TASK GOAL –
Write out exactly the lines of the entries below from the one holding "cottage with a" to the one holding "9013 , Fl 3 Ike Court - Photo Thumbnail 4", inclusive, and leave out all other lines.

EXERCISE INPUTS –
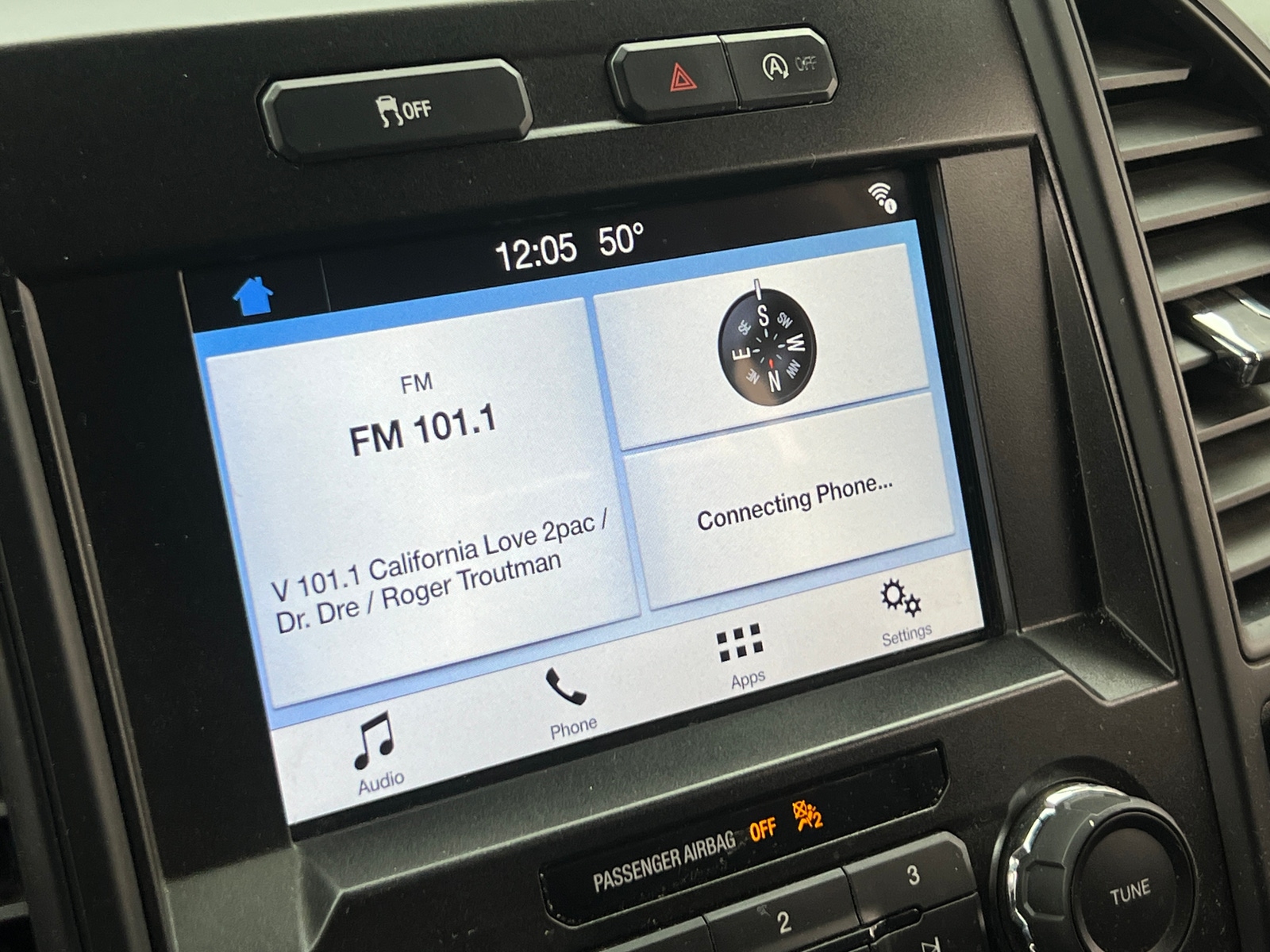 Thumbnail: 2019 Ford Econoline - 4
==
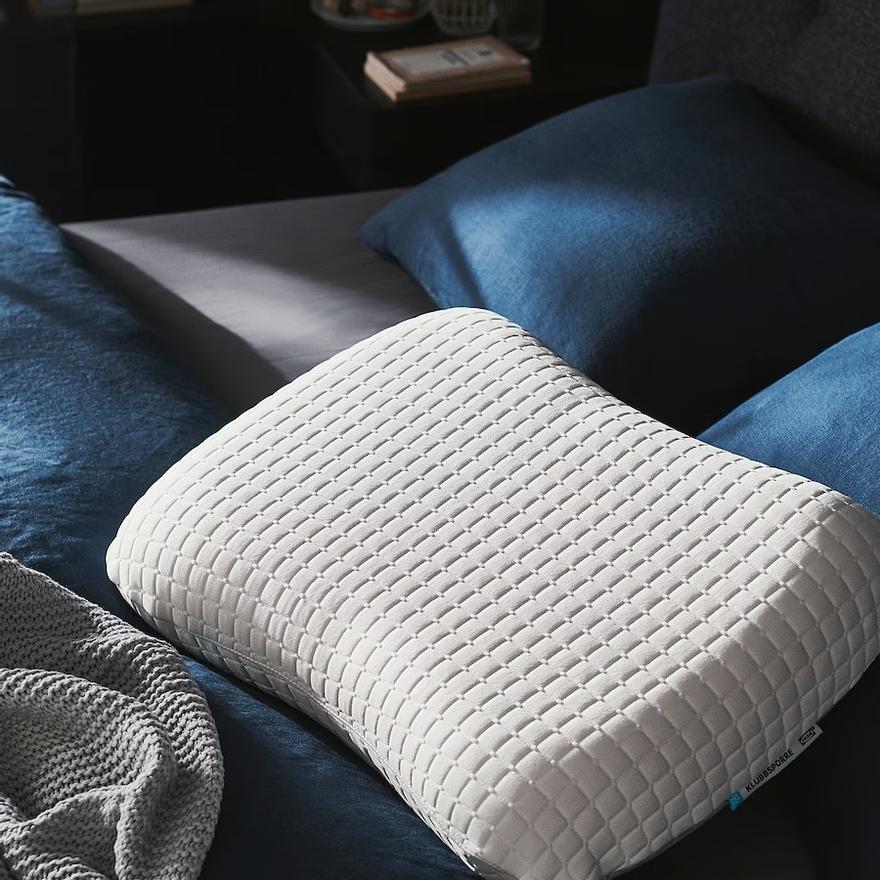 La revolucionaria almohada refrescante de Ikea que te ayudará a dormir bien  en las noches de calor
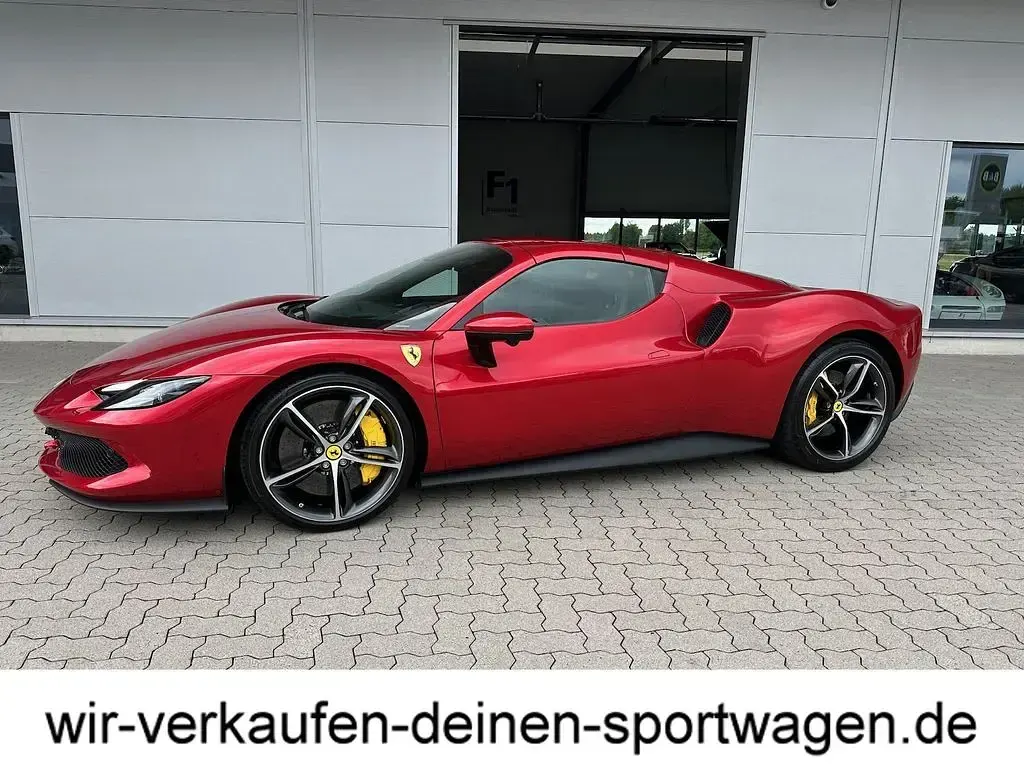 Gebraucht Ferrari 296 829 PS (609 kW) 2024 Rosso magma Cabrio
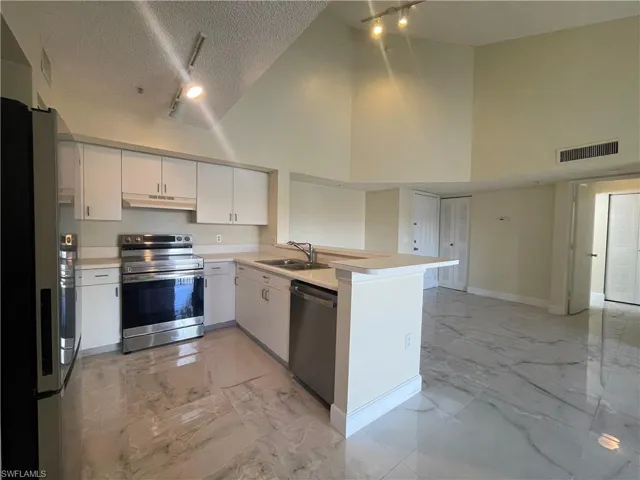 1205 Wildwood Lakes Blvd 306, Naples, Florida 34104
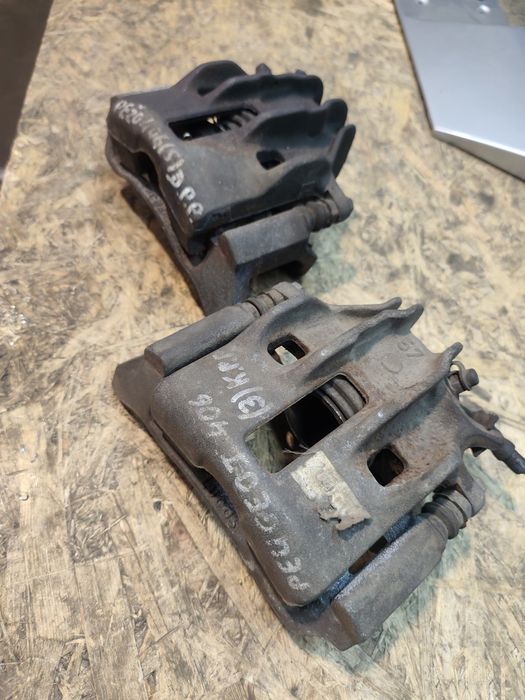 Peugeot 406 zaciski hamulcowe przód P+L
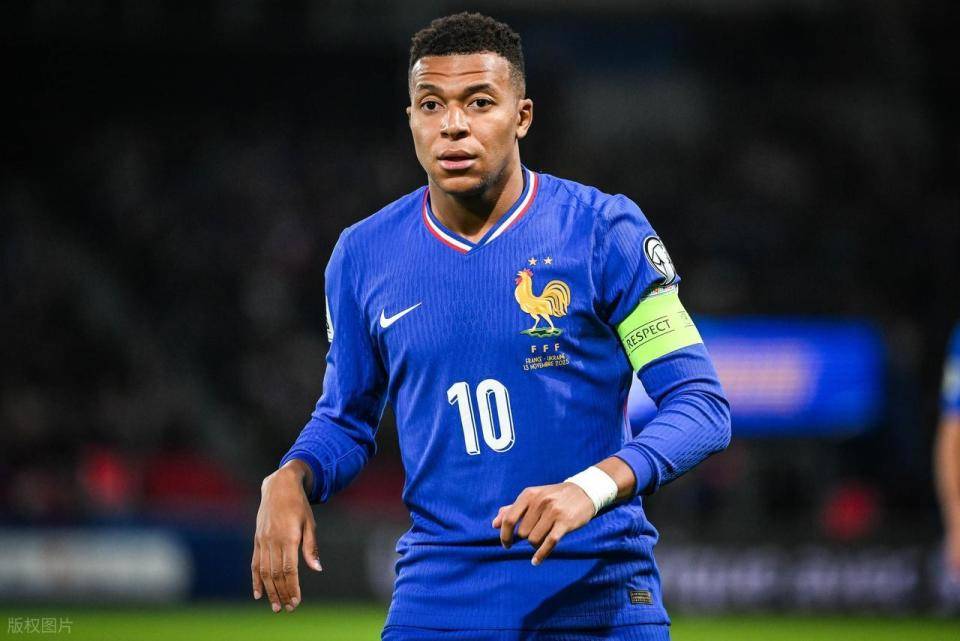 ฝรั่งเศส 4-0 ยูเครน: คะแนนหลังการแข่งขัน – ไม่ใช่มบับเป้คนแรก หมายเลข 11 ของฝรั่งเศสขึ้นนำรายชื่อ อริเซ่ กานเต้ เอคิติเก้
* * *
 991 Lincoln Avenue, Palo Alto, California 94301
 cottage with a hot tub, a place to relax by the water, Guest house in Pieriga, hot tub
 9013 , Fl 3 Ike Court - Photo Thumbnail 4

YOUR SOLUTION –
 cottage with a hot tub, a place to relax by the water, Guest house in Pieriga, hot tub
 9013 , Fl 3 Ike Court - Photo Thumbnail 4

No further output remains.